Despite the sincerest of declarations by State Department Spokesman Jack Kirby that there are “no boots on the ground” in Iraq and Syria, members of the US military keep dying in combat there.
The latest death is US Navy SEAL Charles Keating, who was killed in combat saving US military “advisers” from ISIS fighters in northern Iraq. Keating becomes the third US service member to be publicly admitted to have been killed in action in Iraq since more US forces re-entered the country in 2014.
The circumstances of Keating’s death, much like the US role in the fight against ISIS, are murky. According to Reuters, Kurdish fighters believe Keating was hit by sniper fire and later died of his wounds. The fighters also said that far from just advising them, the US advisers were taking an active role in the fighting.
OK, so what exactly is the threshold for having “boots on the ground,” or US forces not classified as just advisers? Because the US has setup new bases in Iraq and Syria and has clearly been using ground forces for offensive actions. There are already hundreds of advisers in the field, so is it a numbers game? Over 1,000? Over 10,000? Or does it only count if the US government actually calls them combat forces?

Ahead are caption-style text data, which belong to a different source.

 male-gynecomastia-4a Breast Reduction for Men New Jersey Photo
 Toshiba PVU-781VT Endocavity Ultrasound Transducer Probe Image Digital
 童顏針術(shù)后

No matter what they are being called, these US forces are in open warfare with ISIS and perhaps other militants in Iraq and Syria. So whatever operational fear there was in having “boots on the ground” has been practically realized. Americans are, once again, fighting and dying in Iraq. They are just as dead as if they were classified as “boots on the ground.”

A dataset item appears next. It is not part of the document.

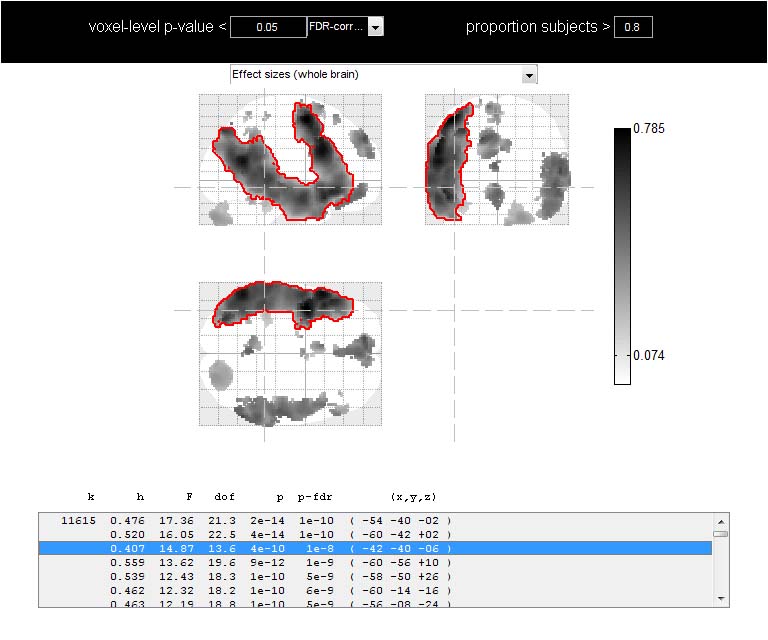 voxel-based subject-specific analyses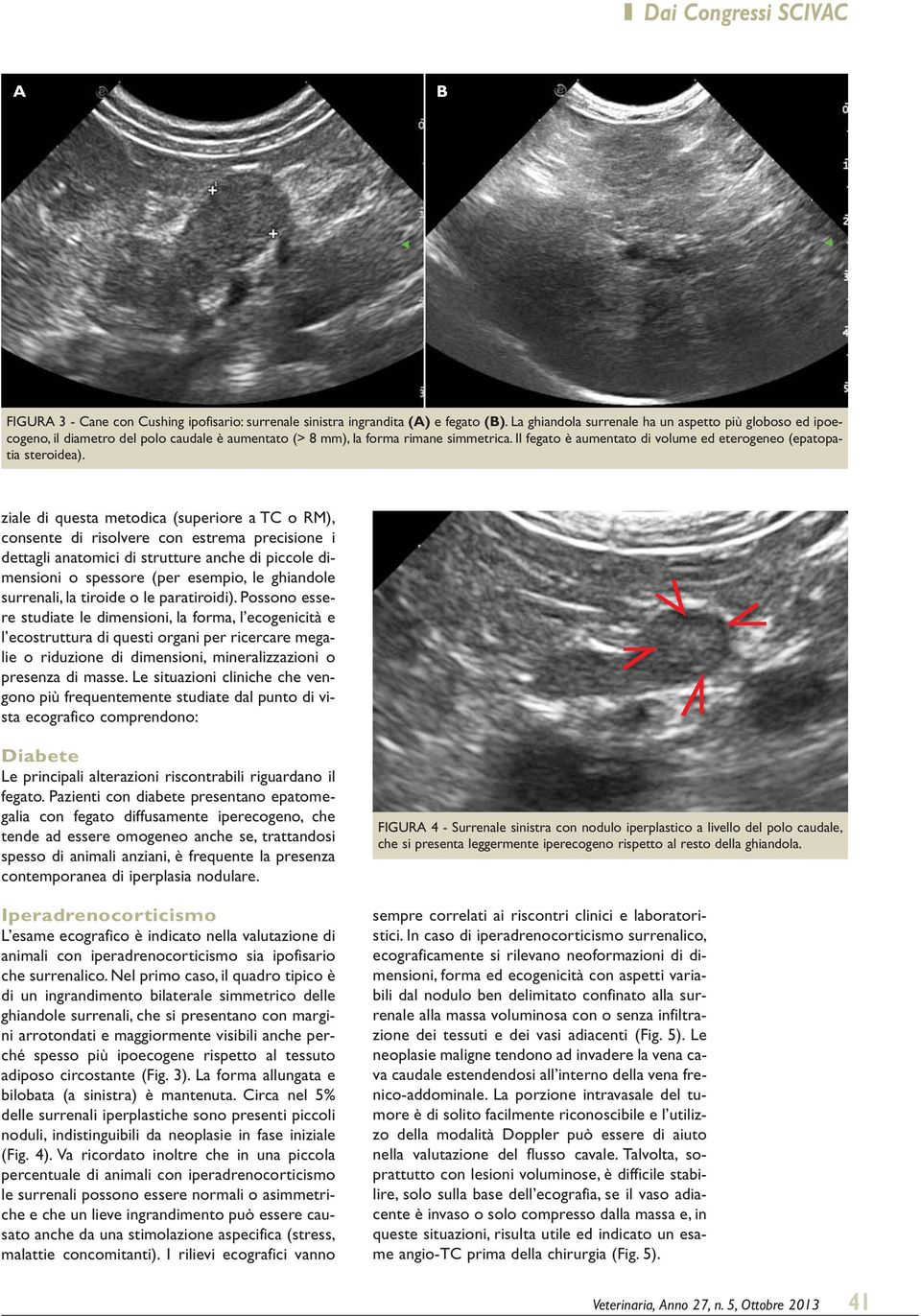 Il fegato è aumentato di volume ed eterogeneo (epatopatia steroidea).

It would seem the only fear in conceding the “boots on the ground” point not yet realized is the political blowback from restarting the war in Iraq. The Obama Administration appears to be succeeding (so far) in obfuscating the reality of their actions with a public distracted by a presidential election and other concerns.
Is this all the American people needed to support another Iraq War? Just call it something else, just keep the number of troops down. If that’s the standard, expect more “advisers” to be sent to the Middle East and beyond.